Monday, March 25, 2013

Personal Development, Taking it Personal

Personal Development is a broad topic, but comes together under one underlying principle: Are you working to improve yourself in some way.

The past few years I have been really focusing on trying to find ways to purse personal development as an over all life quest. I want to be constantly becoming more. More healthy, more wealthy, more wise.

I've made some pretty remarkable changes in my life in the past year or so and it has defiantly impacted what I would think of as my "Progress" in personal development. Looking at myself and my core values now, I am further along the path, incrementally in all areas, but none of them have seen what I would call a marked improvement, baring perhaps programing. I now feel comfortable attempting to write small programs in either Ruby or PHP and that is a pretty drastic change from a year or so ago.
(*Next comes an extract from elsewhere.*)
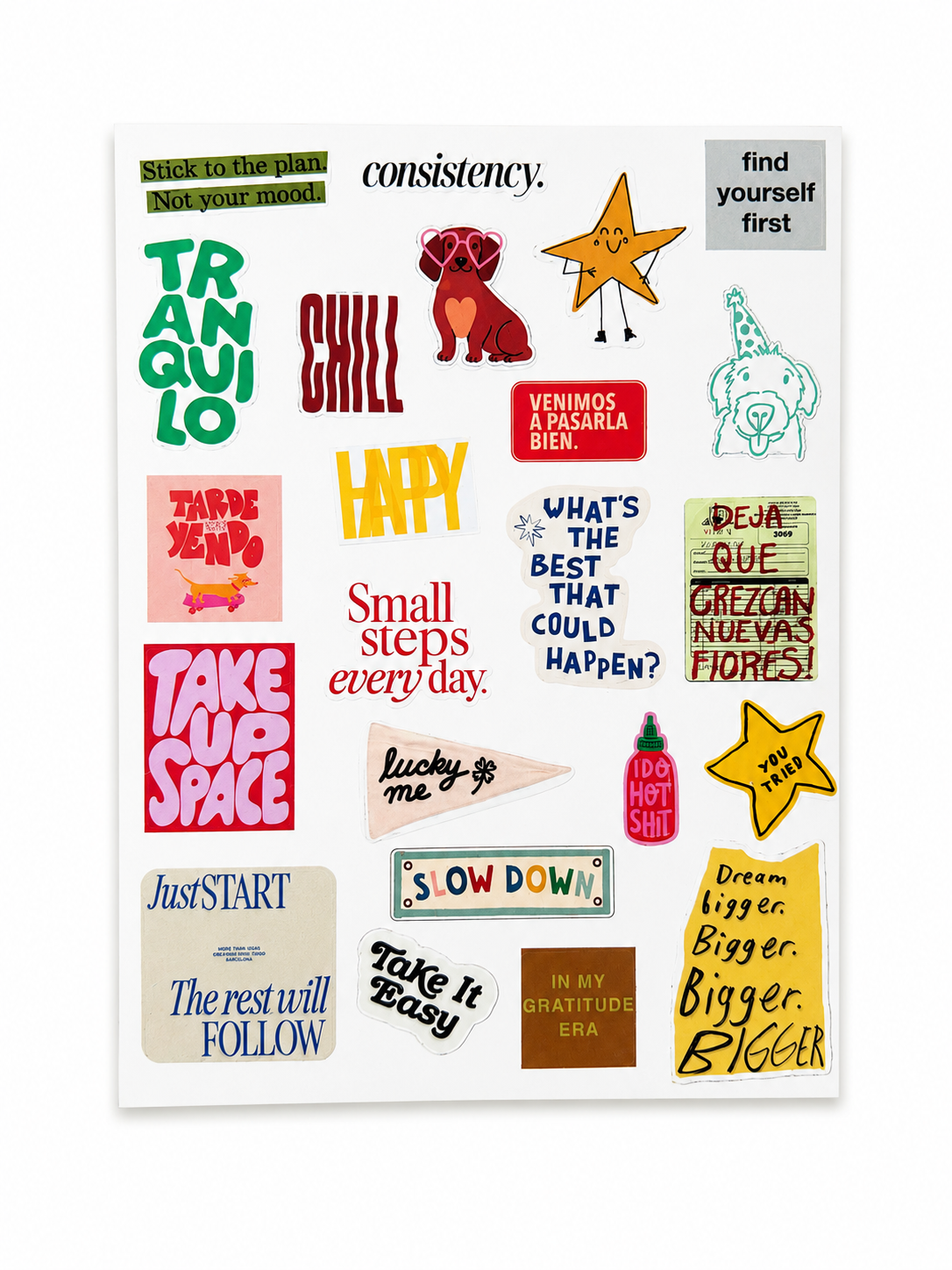 Stickers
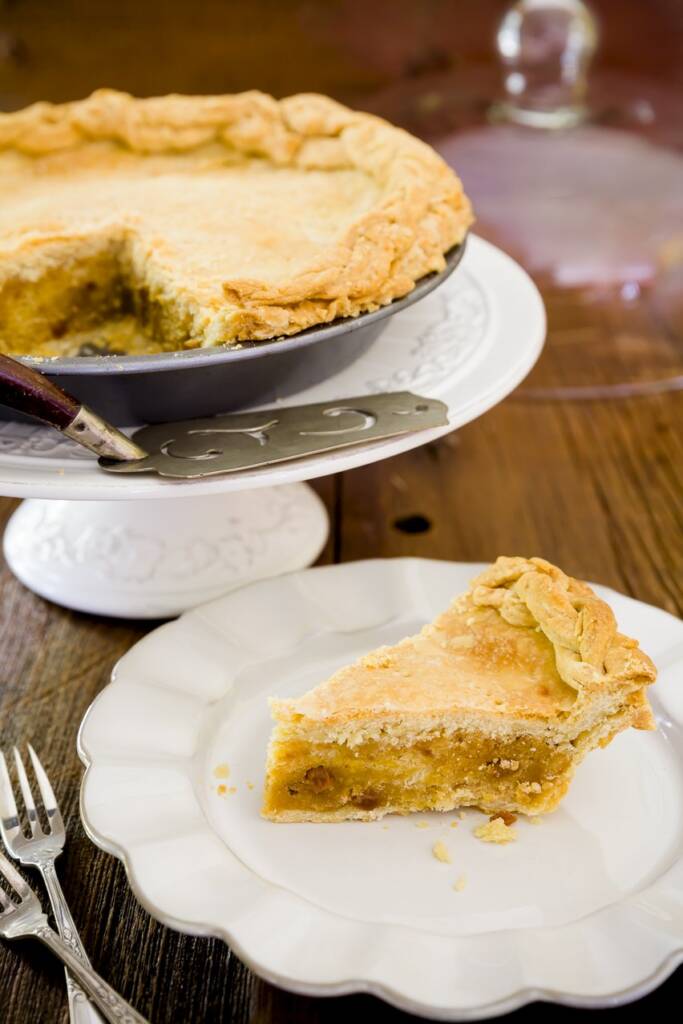 Bread Pudding Pie and a Vegan Wet Nelly Cupcake Project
Sitting down and thinking through the past year or so, I think i've started to realize that it's not that I need to be trying to do more with myself, but I need to be stripping away to what is really necessary, what really matters. The thing about that is that it does mean giving up some things. Some things I really enjoy. It's a hard thing to try to figure out what of the things you are doing you really "need" or are really making the impact on your life that you need them to, as Antoine de Saint Exupery said "Perfection is not when there is no more to add, but no more to take away."

So right now I focus on taking things away. Trying it out. Do I need to play video games with my friends? Surprising answer, yes. I need that time to be social at least a few times a week and right now being on the road it's the only way I'm staying connected to my "community". So having tried taking that out for a few months, I find that I'm happier and more productive with it. However cutting out access to 90% of the web durring the week so I can focus more, total life improvement  Using apps like Self Control and Concentrate is enabling me to get more done in the day and have time at night for my partner and to recharge the creative muscles, or work on some side projects instead of feeling constantly under the gun.
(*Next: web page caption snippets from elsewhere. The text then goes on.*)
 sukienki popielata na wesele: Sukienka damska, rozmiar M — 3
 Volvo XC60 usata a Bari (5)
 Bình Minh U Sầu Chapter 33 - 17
So the next month or so I'm going to be trying to cut away to what really matters in my health decisions. I think that health is the foundation from which all other progress can be built so I want to really dial that in and then spend the rest of my 31st year building on a solid foundation. I'm working on an exercise schedule and trying to find ways to make having a healthy diet both enjoyable enough and easy enough that I'll actually make it happen. I'm getting close, but I still feel like there are things to change, so we'll see. Progress reports to come.